▶ **DATA FOR ANALYSIS**

⟨

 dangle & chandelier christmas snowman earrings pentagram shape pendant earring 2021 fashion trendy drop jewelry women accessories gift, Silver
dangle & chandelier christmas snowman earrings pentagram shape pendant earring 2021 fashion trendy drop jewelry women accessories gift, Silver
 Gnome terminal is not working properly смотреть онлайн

⟩
⟨

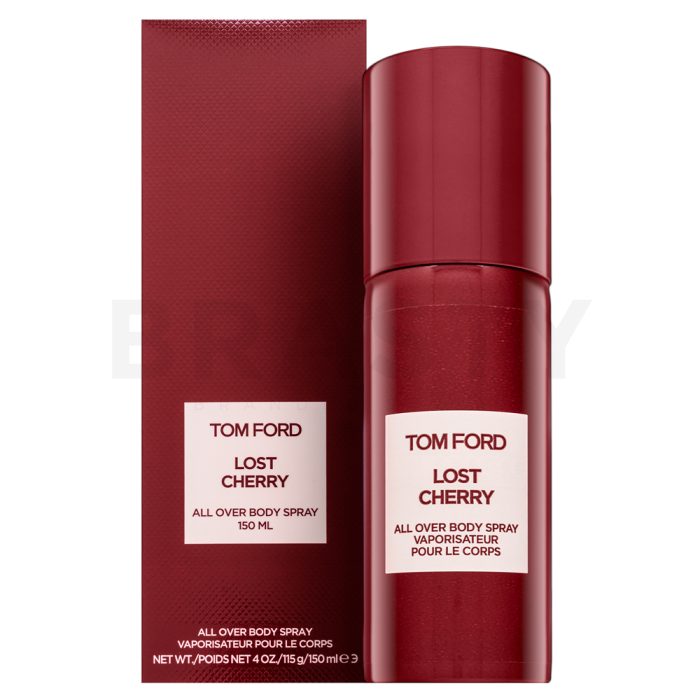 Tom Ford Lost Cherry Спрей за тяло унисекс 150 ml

⟩

▶ **PROBLEM**
Find the word "earring" in the listing above, then copy each line where it turns up.

▶ **EXERCISE ANSWER**
 dangle & chandelier christmas snowman earrings pentagram shape pendant earring 2021 fashion trendy drop jewelry women accessories gift, Silver
dangle & chandelier christmas snowman earrings pentagram shape pendant earring 2021 fashion trendy drop jewelry women accessories gift, Silver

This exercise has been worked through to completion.